En una lectura que hago de lo señalado por Sandra Borda en su columna “Contra la intuición” (revista Arcadia No. 148), los tantos acosos sufridos por las mujeres tienen que aguantarse en silencio –muchas mujeres están de acuerdo-, pues es el costo que deben pagar si se quiere ser objeto de la atracción masculina.
Algo distinto ha empezado a suceder desde cuando el movimiento #METOO empezó a expandirse. Con solo levantar un poco la alfombra se ve el mugrero escondido. Yo también, me respondí. Elaboré un recuento que encontré significativo y que comparto:
Primeros años de mi adolescencia. Una cita médica. Él era un ´prestante´ médico de la ciudad. Me sentó en la camilla, me hizo algunas preguntas y empezó a acariciarme los senos. Mi mamá, quien permanecía afuera, toca la puerta queriendo saber lo que me ocurría. Él tuvo que detener su ´auscultación´.
Luego de haberme casado y tenido una hija, empecé a ir con regularidad al examen de citología. Iba a una sede de Profamilia donde atendían médicos. En una de estas sesiones, Él intempestivamente introdujo uno o varios de sus dedos en mi vulva causándome un terrible dolor. Quedé pasmada, no supe cómo reaccionar.

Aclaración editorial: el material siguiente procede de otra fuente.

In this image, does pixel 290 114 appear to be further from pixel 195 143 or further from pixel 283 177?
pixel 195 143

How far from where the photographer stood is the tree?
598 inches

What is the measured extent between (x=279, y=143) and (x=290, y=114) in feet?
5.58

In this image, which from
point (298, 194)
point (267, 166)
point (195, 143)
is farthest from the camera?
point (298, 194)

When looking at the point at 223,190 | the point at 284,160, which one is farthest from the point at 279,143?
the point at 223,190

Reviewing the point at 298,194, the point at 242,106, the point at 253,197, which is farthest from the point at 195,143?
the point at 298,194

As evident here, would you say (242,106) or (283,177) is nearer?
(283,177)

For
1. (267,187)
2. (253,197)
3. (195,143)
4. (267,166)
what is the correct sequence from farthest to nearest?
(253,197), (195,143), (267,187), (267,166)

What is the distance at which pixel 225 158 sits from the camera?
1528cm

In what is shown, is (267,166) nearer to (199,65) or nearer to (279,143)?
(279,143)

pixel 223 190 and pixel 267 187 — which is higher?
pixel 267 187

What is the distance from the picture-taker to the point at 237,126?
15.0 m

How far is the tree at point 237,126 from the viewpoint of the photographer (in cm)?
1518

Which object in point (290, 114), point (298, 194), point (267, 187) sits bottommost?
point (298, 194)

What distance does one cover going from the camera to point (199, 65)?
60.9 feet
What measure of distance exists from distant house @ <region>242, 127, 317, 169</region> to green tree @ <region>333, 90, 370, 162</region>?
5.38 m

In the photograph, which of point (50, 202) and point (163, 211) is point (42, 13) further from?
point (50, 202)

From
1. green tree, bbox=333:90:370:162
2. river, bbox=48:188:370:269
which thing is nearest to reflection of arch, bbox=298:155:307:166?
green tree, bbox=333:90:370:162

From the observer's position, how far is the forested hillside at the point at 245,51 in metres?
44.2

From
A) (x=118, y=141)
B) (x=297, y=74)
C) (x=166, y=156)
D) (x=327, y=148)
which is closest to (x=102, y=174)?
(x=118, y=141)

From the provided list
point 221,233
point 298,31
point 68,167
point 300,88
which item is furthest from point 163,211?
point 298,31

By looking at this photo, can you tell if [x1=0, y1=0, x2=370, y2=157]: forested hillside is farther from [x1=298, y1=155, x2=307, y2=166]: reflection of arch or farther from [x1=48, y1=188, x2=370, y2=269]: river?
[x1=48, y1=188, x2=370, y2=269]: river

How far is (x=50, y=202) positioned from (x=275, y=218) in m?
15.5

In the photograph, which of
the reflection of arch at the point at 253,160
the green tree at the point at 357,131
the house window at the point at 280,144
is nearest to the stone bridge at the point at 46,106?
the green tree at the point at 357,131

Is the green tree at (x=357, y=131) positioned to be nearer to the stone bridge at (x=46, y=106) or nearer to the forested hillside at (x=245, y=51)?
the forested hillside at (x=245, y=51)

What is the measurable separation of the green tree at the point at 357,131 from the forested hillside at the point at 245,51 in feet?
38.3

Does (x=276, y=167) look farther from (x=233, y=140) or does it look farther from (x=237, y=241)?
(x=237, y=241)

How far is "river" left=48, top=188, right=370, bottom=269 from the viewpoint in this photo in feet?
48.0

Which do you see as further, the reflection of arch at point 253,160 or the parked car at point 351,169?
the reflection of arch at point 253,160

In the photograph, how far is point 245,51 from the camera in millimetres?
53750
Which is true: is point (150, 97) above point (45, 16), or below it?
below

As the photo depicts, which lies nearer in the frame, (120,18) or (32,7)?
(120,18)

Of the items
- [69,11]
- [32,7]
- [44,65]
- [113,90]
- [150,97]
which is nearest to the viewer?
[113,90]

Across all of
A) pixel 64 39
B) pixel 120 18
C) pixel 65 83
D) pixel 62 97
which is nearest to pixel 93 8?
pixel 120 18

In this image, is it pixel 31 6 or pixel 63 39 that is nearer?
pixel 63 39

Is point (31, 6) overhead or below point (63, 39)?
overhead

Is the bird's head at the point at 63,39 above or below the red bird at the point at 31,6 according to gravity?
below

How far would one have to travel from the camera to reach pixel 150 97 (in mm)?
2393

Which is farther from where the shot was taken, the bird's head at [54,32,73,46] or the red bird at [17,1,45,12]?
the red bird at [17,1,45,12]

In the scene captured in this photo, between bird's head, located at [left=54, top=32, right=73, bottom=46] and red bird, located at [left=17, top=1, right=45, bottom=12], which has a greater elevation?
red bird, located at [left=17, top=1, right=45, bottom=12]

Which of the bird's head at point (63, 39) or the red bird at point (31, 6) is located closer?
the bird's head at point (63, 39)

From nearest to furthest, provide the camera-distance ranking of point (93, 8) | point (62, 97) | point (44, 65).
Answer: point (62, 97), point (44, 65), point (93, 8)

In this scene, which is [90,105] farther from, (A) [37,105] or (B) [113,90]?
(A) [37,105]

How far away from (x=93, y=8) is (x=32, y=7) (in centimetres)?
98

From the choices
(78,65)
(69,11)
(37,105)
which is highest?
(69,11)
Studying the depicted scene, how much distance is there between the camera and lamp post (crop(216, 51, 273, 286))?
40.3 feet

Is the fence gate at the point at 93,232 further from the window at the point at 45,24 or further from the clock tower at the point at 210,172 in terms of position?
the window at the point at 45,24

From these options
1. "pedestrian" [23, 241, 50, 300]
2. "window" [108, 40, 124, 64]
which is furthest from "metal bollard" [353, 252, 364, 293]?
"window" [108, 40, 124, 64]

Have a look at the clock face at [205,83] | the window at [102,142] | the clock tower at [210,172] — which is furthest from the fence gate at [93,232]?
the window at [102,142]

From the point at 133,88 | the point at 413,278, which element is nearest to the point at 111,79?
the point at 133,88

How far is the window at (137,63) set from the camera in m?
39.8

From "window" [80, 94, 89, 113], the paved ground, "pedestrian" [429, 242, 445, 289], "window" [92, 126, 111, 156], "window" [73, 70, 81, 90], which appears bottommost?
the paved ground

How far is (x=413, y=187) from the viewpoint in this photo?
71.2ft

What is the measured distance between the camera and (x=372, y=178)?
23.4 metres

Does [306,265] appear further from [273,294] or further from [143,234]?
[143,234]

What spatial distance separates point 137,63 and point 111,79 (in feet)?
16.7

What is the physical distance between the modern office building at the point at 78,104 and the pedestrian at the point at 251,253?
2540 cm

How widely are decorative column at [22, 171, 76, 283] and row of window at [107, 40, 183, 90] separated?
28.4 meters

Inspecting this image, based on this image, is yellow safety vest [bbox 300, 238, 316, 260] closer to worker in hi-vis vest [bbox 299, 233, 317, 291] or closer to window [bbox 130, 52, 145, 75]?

En adelante mi cuerpo se comprimía como una reacción automática frente al examen, aunque seguí realizándolo con una enfermera asignada por mi EPS. Luego, por mi experiencia vital favorecida con el apaciguamiento de mis hormonas (la edad ayuda), entendí que mi completitud no dependía de tener sexo con un hombre. Pedí ayuda para mi dificultad con una médica de mi EPS: me dijo que yo era una melindrosa. Ante el maltrato me dirigí a la oficina del director médico. Estaba en compañía de dos enfermeras y le conté lo que me pasaba. Él, me preguntó delante de ellas si yo mantenía una vida sexual activa y le dije que no (ingenuidad mía). Entonces replicó riéndose: “ahh…es que lo que no se usa se daña”. Las enfermeras también rieron. Acudí a la página web de la entidad para poner la queja sin resultado alguno.

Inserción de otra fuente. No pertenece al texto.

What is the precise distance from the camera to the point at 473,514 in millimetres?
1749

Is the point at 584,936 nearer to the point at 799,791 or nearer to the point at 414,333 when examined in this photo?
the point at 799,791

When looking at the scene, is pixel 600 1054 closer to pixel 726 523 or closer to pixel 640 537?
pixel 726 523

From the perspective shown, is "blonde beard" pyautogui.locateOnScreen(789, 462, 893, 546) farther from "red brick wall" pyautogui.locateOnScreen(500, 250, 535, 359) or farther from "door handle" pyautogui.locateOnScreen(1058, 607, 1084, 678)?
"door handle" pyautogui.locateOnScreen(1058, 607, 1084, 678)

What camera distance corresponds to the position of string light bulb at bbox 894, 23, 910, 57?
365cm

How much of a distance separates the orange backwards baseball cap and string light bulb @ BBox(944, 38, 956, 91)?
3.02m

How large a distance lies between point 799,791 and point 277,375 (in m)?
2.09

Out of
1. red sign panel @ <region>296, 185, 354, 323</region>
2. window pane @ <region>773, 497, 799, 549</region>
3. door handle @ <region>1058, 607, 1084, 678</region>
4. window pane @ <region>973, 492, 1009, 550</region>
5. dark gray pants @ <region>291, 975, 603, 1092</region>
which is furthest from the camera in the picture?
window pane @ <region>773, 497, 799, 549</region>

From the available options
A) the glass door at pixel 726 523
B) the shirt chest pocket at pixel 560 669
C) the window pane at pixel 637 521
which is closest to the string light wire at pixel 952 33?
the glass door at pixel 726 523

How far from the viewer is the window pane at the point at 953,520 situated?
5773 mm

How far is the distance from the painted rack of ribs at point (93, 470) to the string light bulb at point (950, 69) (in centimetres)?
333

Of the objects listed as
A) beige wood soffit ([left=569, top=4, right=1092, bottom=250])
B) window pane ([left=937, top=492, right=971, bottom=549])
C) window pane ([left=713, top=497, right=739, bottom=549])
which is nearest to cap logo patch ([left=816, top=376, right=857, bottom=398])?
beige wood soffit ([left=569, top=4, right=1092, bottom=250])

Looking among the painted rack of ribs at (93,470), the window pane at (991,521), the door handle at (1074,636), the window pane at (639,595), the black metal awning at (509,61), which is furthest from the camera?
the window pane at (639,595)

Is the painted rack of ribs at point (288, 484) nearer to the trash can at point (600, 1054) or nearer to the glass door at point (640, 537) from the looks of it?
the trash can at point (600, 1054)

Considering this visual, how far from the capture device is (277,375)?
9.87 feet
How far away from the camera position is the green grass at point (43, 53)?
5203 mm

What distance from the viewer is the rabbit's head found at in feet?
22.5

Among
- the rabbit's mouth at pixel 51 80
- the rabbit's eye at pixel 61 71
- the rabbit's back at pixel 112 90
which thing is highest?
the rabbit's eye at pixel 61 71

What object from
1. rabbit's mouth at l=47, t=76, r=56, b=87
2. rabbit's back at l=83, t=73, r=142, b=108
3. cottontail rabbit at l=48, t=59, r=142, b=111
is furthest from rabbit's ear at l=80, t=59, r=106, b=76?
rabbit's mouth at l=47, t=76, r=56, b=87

También recordé la ocasión en que, ya separada, con una amiga fuimos a divertirnos. Era de noche y al llegar al lugar escogido encontramos un par de conocidos con quienes departimos. Al amanecer desperté sin tener noción de cómo habíamos llegado a mi casa. A mi lado estaba uno de ellos. Con destellos de mi memoria armé lo sucedido: habíamos tenido un encuentro sexual delicado y tierno; él me dejó un amable recuerdo. Fue un acto consentido. A mi amiga le pasó igual.
Me pregunto qué habría sucedido en este último caso si, al despertar, hubiera recordado que este hombre me había forzado de algún modo y que el estado de inconsciencia originado por el licor me impidió evitar su acceso violento. Por supuesto, en esas circunstancias también se configuraría un acto no consentido, un abuso, una violación.

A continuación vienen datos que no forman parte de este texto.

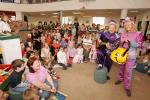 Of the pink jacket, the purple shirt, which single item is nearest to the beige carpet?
the purple shirt

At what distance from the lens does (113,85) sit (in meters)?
3.20

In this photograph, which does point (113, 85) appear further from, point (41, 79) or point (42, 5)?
point (42, 5)

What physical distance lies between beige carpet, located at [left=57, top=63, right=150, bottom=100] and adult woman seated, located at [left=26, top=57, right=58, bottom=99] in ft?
1.62

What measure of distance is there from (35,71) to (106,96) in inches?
57.8

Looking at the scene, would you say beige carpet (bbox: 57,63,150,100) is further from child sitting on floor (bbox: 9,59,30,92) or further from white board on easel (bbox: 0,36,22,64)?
white board on easel (bbox: 0,36,22,64)

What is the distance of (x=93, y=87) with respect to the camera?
3.08 metres

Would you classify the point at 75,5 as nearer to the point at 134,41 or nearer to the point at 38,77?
the point at 134,41

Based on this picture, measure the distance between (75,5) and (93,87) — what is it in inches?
282

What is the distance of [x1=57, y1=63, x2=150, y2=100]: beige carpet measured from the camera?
2.74 m

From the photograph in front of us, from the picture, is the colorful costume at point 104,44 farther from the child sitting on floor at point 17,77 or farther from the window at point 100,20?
the window at point 100,20

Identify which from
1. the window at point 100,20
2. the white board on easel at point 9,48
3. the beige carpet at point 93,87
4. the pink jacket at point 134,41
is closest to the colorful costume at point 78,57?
the beige carpet at point 93,87

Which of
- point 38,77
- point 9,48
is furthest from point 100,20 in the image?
point 38,77

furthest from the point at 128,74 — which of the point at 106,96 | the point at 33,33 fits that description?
the point at 33,33

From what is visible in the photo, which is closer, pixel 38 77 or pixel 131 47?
pixel 38 77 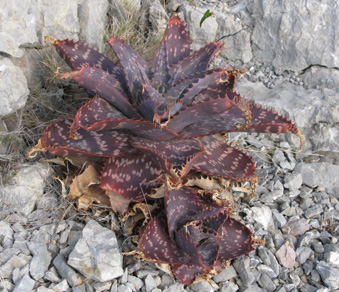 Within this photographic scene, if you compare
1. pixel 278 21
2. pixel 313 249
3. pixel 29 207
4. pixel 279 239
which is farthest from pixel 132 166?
pixel 278 21

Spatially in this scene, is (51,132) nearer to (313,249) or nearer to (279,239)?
(279,239)

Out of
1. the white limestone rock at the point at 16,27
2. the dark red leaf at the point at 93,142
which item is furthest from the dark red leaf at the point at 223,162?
the white limestone rock at the point at 16,27

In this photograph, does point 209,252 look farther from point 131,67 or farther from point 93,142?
point 131,67

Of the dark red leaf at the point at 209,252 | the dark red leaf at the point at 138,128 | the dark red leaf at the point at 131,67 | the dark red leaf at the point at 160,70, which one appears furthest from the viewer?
the dark red leaf at the point at 160,70

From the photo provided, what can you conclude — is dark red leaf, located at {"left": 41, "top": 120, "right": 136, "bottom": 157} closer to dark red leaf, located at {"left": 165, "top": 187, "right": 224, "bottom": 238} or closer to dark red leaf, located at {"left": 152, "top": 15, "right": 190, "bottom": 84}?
dark red leaf, located at {"left": 165, "top": 187, "right": 224, "bottom": 238}

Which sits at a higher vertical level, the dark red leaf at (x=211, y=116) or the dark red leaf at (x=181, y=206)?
the dark red leaf at (x=211, y=116)

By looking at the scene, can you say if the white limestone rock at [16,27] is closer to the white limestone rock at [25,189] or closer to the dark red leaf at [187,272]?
the white limestone rock at [25,189]

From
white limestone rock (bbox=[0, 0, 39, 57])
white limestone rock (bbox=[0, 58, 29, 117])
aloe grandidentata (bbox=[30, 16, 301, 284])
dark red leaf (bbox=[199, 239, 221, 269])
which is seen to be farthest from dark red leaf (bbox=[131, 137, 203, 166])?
white limestone rock (bbox=[0, 0, 39, 57]) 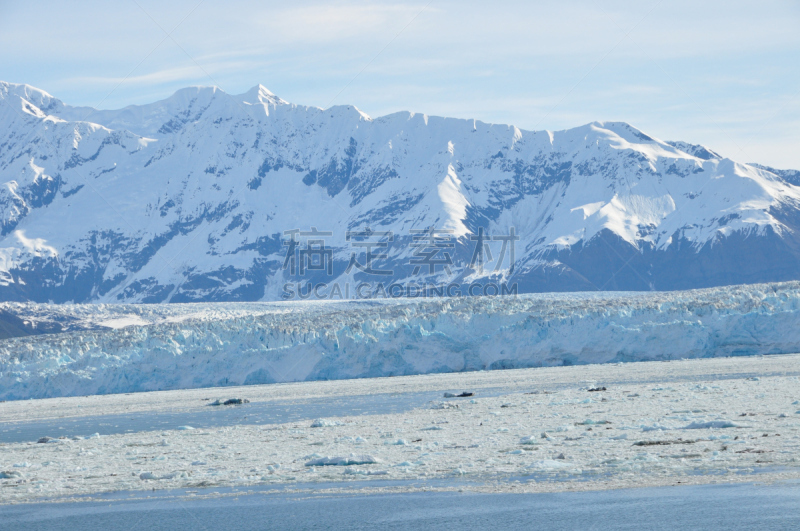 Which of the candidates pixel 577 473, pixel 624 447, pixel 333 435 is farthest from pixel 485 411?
pixel 577 473

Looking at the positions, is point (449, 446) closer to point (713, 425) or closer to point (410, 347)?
point (713, 425)

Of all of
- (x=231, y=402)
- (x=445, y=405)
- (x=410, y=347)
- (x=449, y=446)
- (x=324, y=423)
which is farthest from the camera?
(x=410, y=347)

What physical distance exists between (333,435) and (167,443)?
4.76 meters

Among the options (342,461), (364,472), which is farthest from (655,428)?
(342,461)

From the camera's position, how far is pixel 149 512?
16.2 meters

Mitos como el de la pulsión violenta de los hombres -hacia las mujeres y en los demás ámbitos de la vida- sustentados en una ´biología de opinión´, hacen carrera para justificar los comportamientos agresivos de estos. Habría en cambio que seguir la huella de un comportamiento reforzado a diario en todos y cada uno de los espacios micro y macro de la vida social, que nos explicarían mejor el estado de cosas. De este modo podríamos evitar un flanco más del escalamiento de odios/exclusiones que se ha instalado en el mundo, para avanzar hacia uno en el que quepamos todos los sexos y géneros.
Fue Gabriel García Márquez quien en Cien años de soledad nos ilustró sobre el camino sin salida de un mundo sustentado en los desafueros del patriarcado: “el de una estirpe condenada a cien años de soledad sin una segunda oportunidad sobre la tierra”. Sería el final de la especie humana, olvidada por la vida que tiene sus propias formas para continuar. Y en El otoño del patriarca, esta suerte de eternidad en la que las cosas son para siempre así es desmantelada, pues el patriarca “quedó ajeno a los clamores de las muchedumbres frenéticas que se echaban a las calles cantando los himnos de júbilo de la noticia jubilosa de su muerte y ajeno para siempre jamás a las músicas de liberación y los cohetes de gozo y las campanas de gloria que anunciaron al mundo la buena nueva de que el tiempo incontable de la eternidad había por fin terminado”.